#### EXCERPTED DATA
· · ·

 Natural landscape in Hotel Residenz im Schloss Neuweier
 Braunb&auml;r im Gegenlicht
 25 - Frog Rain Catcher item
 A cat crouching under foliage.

· · ·

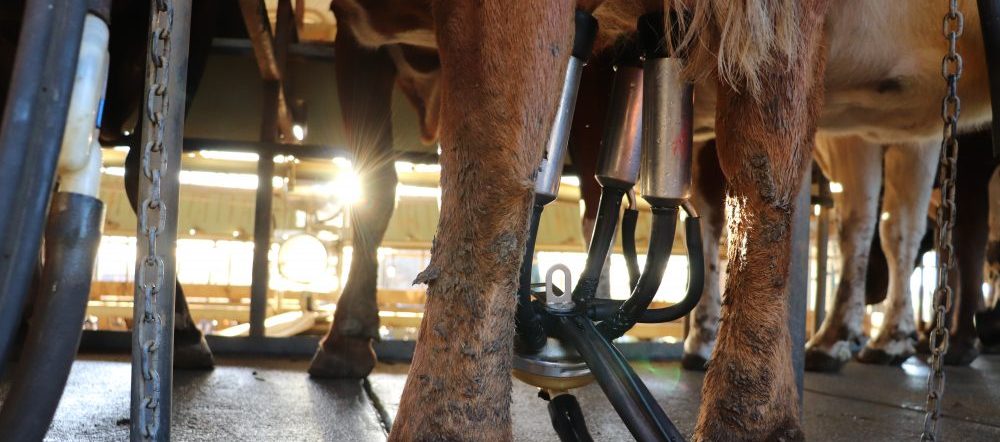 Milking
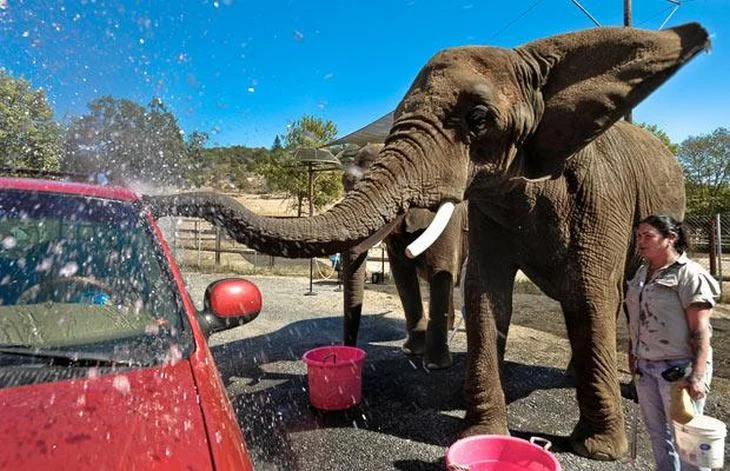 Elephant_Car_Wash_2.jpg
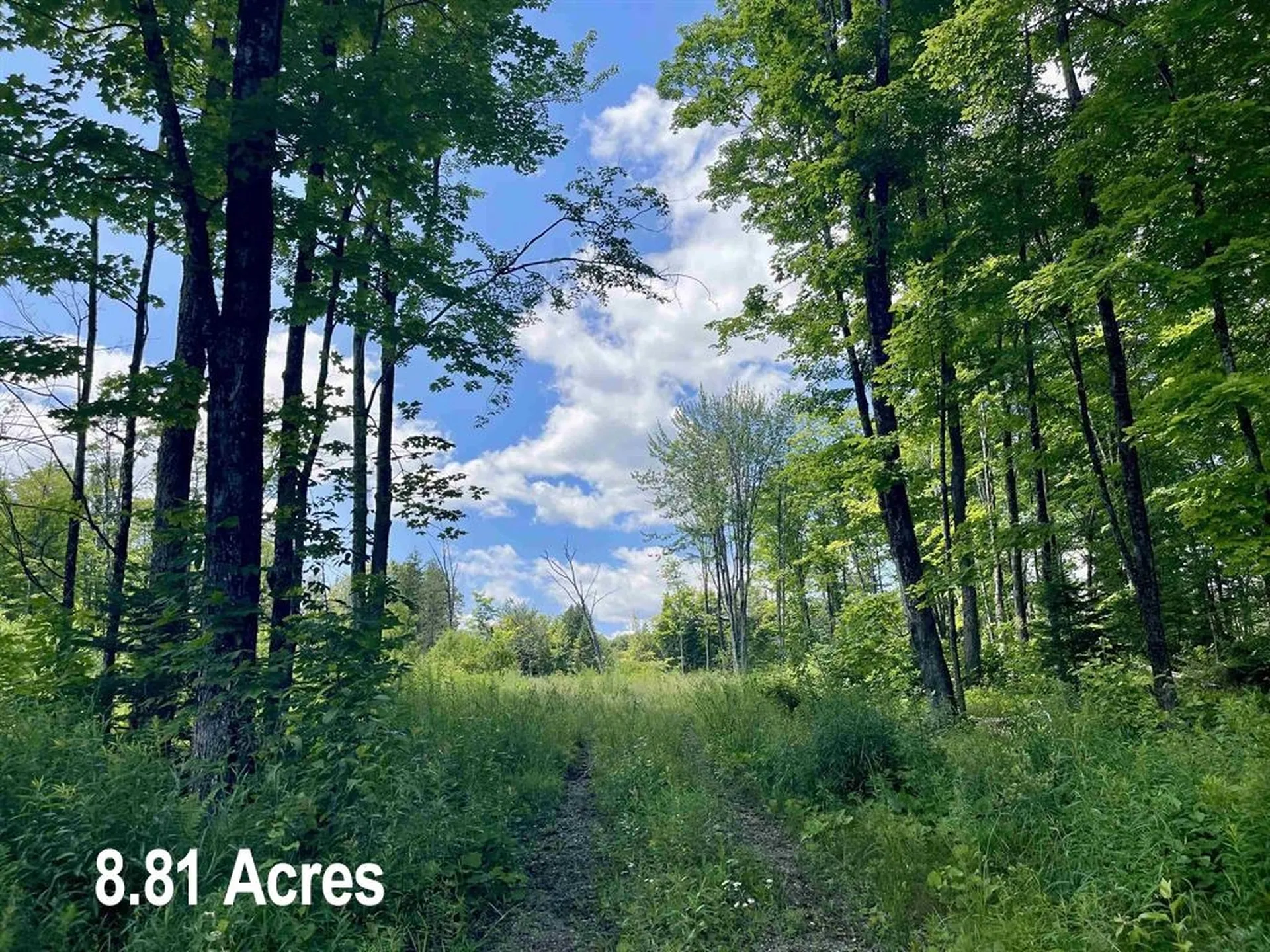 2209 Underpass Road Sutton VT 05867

· · ·

#### REQUIRED WORK
Copy exactly the material above from the line with "Elephant_Car_Wash_2.jpg" to the line with "2209 Underpass Road Sutton VT 05867", ends included, and nothing else. Leave out any picture.

#### REPLY
 Elephant_Car_Wash_2.jpg
 2209 Underpass Road Sutton VT 05867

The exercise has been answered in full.